O legado de Maud Wagner hoje

A história de Maud Wagner, a primeira tatuadora feminina da história americana
Wikimedia Commons – Na maioria das vezes, as tatuagens não são mais consideradas um tabu social na sociedade americana hoje.

Maud Wagner teria se destacado em seu tempo. Hoje, ela não atrairia muita atenção andando pelas ruas de Los Angeles ou Brooklyn.

Mas Maud Wagner quebrou algumas barreiras importantes no início do século 20. Ela não apenas se tornou a primeira tatuadora feminina nos Estados Unidos, mas também cobriu sua própria pele com tatuagens – tomando posse de seu corpo em uma época em que as mulheres americanas nem podiam votar.

Dessa forma, Maud Wagner também faz parte de uma tendência maior envolvendo mulheres e tatuagens. As mulheres americanas nos tempos modernos são, na verdade, mais propensas do que os homens a ter tatuagens (23% versus 19%, de acordo com uma pesquisa de 2012). E pode haver uma razão para isso.

No livro Bodies of Subversion: A Secret History of Women and Tattoos, Margot Mifflin argumenta que o feminismo e as tatuagens estão ligados.

“As tatuagens atraem as mulheres contemporâneas tanto como emblemas de empoderamento [e] autodeterminação”, escreveu Mifflin. Especialmente em um momento “em que controvérsias sobre direitos ao aborto, estupro e assédio sexual fizeram [as mulheres] pensarem muito sobre quem controla seus corpos – e por quê”.

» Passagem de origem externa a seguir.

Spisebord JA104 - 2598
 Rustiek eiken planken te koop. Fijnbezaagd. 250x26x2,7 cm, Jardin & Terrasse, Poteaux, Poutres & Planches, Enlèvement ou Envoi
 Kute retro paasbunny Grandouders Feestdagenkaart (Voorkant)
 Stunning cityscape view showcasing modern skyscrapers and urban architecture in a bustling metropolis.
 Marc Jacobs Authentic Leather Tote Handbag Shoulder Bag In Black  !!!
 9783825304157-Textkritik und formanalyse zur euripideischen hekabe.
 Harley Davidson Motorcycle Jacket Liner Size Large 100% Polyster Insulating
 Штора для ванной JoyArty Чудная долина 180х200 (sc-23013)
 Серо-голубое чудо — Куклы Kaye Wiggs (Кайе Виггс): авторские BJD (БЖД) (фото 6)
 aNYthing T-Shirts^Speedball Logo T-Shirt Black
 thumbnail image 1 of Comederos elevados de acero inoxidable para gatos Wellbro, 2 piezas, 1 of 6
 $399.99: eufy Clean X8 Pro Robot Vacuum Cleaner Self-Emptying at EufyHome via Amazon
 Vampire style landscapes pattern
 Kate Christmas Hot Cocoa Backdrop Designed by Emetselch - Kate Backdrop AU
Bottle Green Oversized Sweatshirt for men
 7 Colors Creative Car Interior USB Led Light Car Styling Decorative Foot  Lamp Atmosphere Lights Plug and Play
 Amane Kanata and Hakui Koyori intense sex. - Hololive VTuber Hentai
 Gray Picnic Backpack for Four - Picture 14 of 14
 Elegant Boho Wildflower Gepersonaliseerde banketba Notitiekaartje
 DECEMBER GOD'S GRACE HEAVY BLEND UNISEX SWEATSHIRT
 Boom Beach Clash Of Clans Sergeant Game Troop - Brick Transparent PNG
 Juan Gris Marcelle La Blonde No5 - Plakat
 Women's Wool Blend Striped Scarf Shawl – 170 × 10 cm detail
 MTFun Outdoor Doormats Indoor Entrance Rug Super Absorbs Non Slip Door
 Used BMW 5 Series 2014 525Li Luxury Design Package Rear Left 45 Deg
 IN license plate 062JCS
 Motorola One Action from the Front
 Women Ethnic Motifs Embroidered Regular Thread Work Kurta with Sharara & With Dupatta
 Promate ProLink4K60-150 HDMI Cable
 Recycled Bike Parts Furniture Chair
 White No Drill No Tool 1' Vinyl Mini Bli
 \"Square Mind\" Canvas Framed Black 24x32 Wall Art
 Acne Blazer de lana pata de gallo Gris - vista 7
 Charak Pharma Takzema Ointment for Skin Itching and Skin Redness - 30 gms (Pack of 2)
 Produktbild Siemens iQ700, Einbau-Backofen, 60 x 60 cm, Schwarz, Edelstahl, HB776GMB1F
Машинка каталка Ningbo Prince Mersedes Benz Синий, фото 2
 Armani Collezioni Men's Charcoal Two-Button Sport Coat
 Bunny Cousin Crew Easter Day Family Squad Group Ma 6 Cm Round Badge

As mulheres de hoje também usam tatuagens como forma de recuperar o controle sobre seus corpos após as mastectomias. E, em alguns casos, eles podem faturar essas tatuagens para suas companhias de seguros.

Como Wagner foi uma pioneira no mundo das tatuagens, não há dúvida de que ela ajudou a pavimentar o caminho para as mulheres modernas darem esses saltos.

Ao se apropriar de seu corpo, Maud Wagner foi uma mulher antes de seu tempo – uma artista de circo e uma artista cuja maior criação foi exibida em sua própria pele.